Transplantationsskandal in Göttingen: Regierung fürchtet um Organspenden
Es sind bislang einmalige Vorgänge: An der Uni-Klinik in Göttingen hat es offenbar Manipulationen von Krankenakten gegeben, um bestimmte Patienten bei Transplantationen zu bevorzugen. Einer der größten Skandale in der Geschichte der Organspende droht. Doch viele Fragen sind noch ungeklärt.

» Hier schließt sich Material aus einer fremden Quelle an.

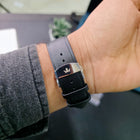 Close-up of Monarch Silver black leather strap with stainless steel butterfly clasp featuring Franklord logo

Deutschland droht einer der größten Skandale in der Geschichte der Organspende. Ein oder mehrere Göttinger Transplantationsmediziner haben in den Jahren 2010 und 2011 offenbar in großem Stil Akten von Patienten manipuliert, um ihnen außerhalb der Warteliste zu einer Spenderleber zu verhelfen.

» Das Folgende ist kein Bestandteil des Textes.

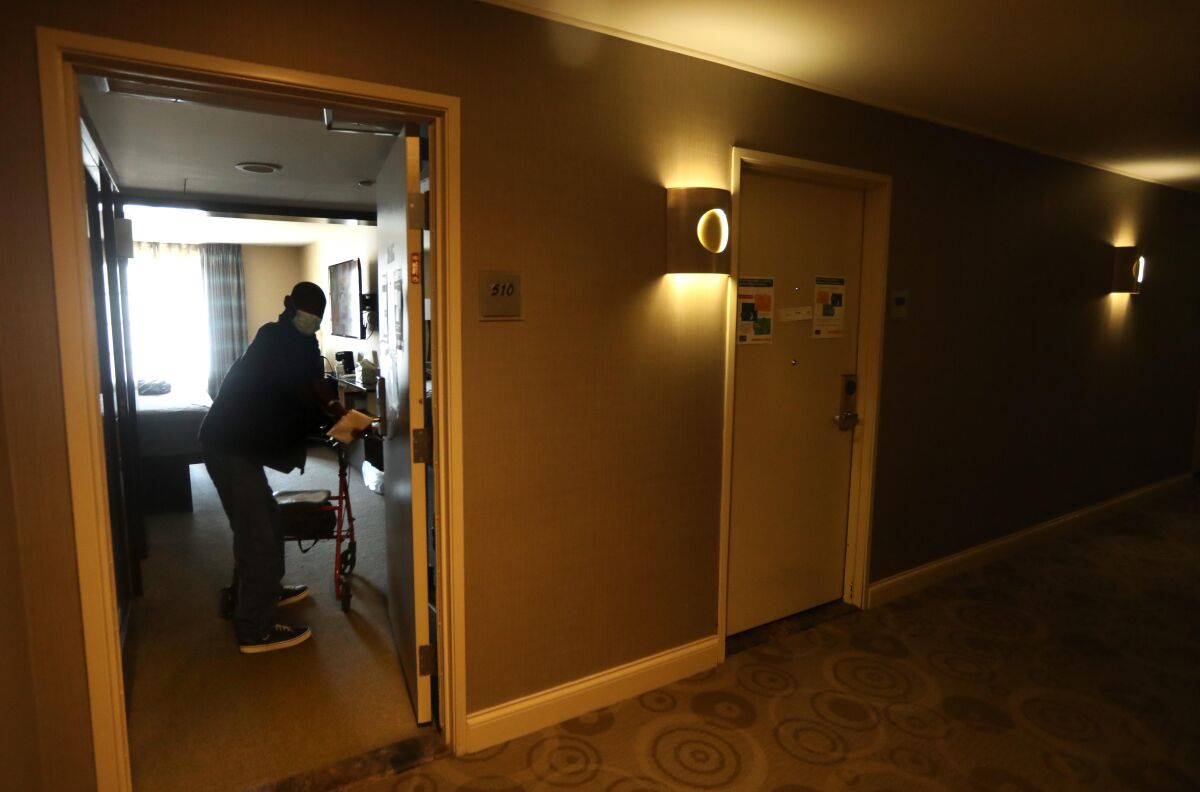 David William, 63, returns to his room at a Project Roomkey hotel.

Im Frühsommer waren erstmals Vorwürfe gegen einen ehemaligen Oberarzt der Göttinger Uniklinik bekannt geworden, der dort 2011 einen russischen Patienten gegen eine hohe Geldzahlung bei einer Lebertransplantation bevorzugt haben soll. Die Staatsanwaltschaft Braunschweig ermittelt gegen beide wegen Bestechlichkeit beziehungsweise Bestechung. Darüber hinaus gibt es 25 weitere Verdachtsfälle, wie Klinikvorstand Martin Siess am Freitag bestätigte.

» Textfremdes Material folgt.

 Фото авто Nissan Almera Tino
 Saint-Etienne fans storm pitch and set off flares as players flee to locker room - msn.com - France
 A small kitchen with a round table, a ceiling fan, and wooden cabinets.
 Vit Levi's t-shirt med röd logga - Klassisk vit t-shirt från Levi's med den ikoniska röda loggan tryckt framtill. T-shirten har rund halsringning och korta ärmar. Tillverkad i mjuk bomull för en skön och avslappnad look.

Diese „Auffälligkeiten“ seien zunächst von der Bundesärztekammer festgestellt worden, die in Göttingen zwei Listen aus den Jahren 2010 und 2011 überprüft und abgeglichen habe – die Liste der Patienten, die dort auf eine neue Leber warteten sowie die Liste der tatsächlich erfolgten Verpflanzungen. Am 21. Juni habe die Ärztekammer die Uniklinik über ihre Recherchen informiert, sagte Siess. Die Krankenhausleitung setzte ihrerseits die Staatsanwaltschaft Braunschweig in Kenntnis und richtete darüber hinaus eine eigene externe Gutachterkommission ein.
Wie die Manipulationen der Listen im Einzelnen erfolgten, blieb zunächst offen. Dass jeweils Dialyseprotokolle gefälscht oder frei erfunden und Laborwerte wie die Blutgerinnungsneigung und der Kreatinwert, der ebenfalls ein Indikator für den Zustand der Nieren ist, manipuliert wurden, wie spekuliert wird, wollte oder konnte Siess nicht bestätigen.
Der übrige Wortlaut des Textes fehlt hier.